WHAT YOU HAVE TO DO:
Return each line of the data below exactly, omitting any pictures.

THE DATA:
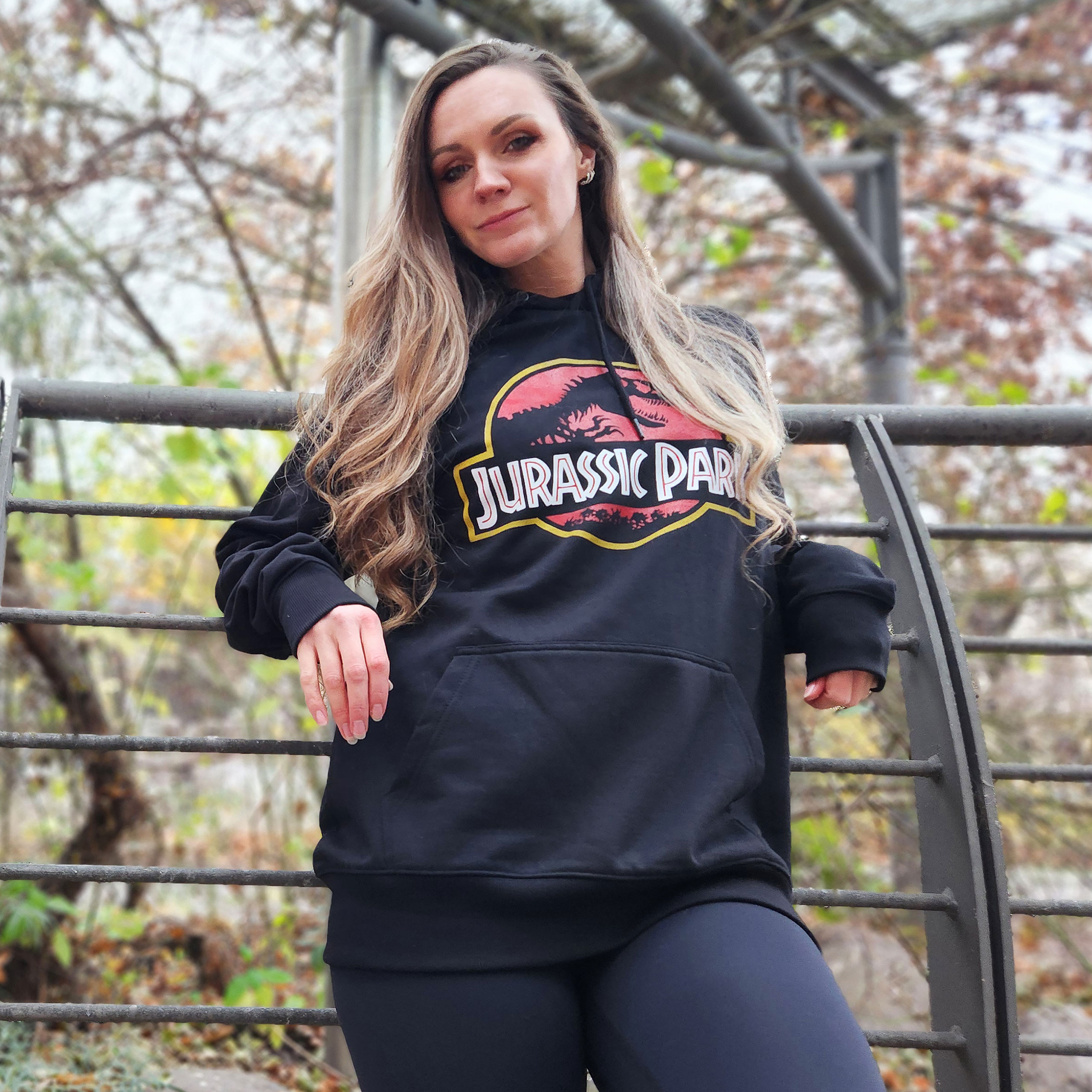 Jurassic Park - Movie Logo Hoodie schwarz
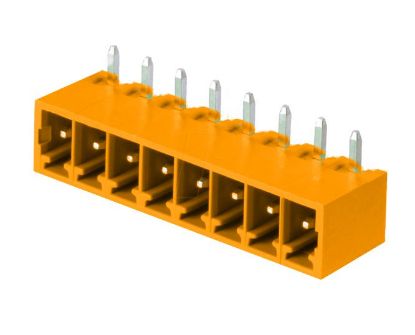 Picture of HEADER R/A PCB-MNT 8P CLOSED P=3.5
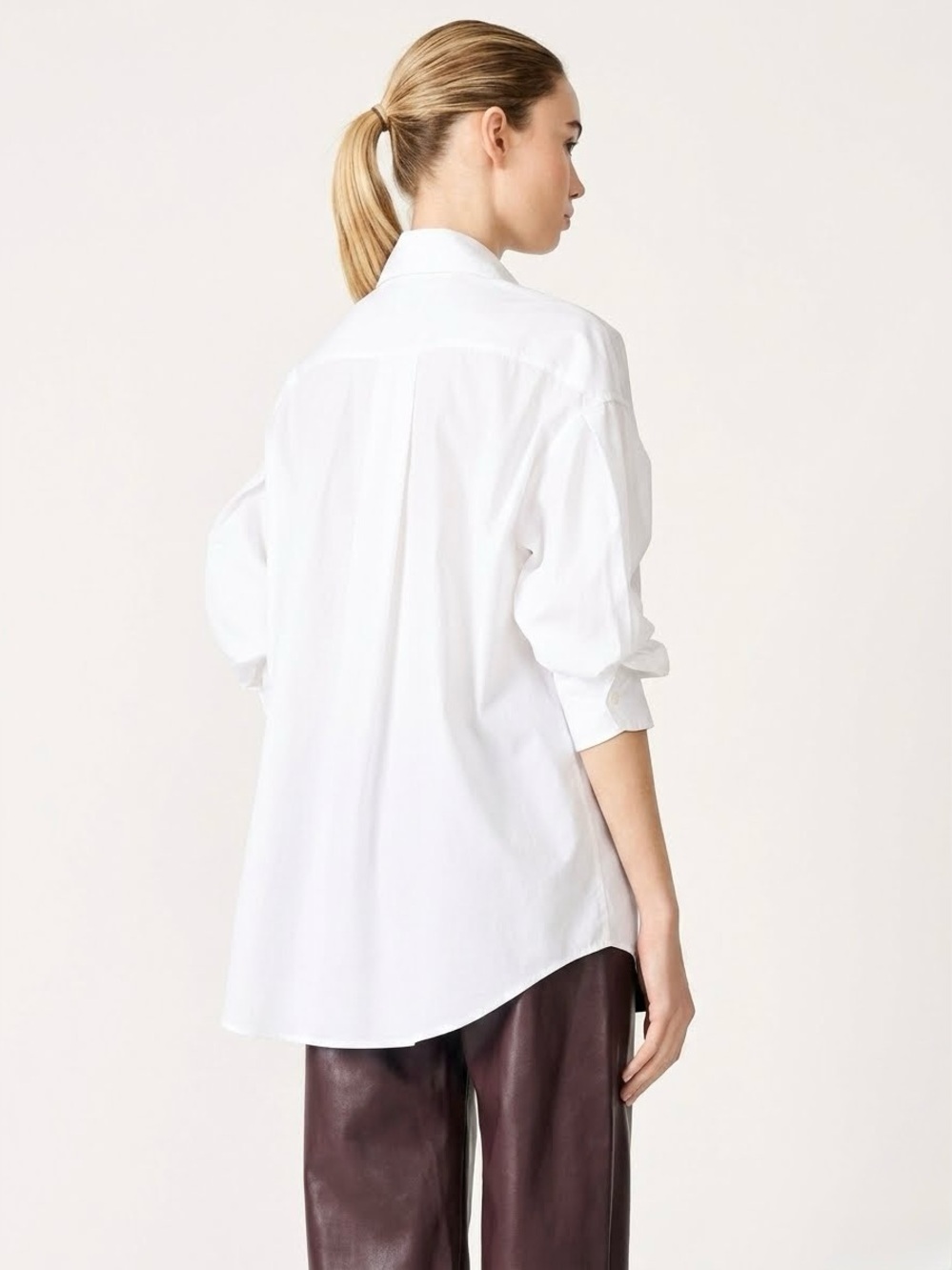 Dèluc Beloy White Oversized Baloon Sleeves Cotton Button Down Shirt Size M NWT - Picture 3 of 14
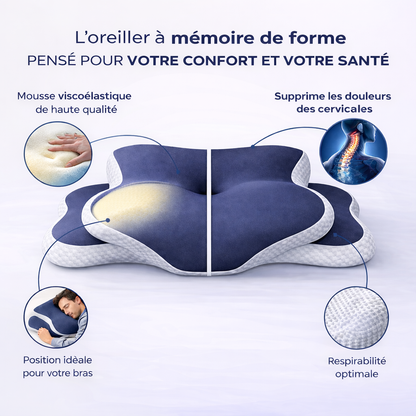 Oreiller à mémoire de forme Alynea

RESULT:
 Jurassic Park - Movie Logo Hoodie schwarz
 Picture of HEADER R/A PCB-MNT 8P CLOSED P=3.5
 Dèluc Beloy White Oversized Baloon Sleeves Cotton Button Down Shirt Size M NWT - Picture 3 of 14
 Oreiller à mémoire de forme Alynea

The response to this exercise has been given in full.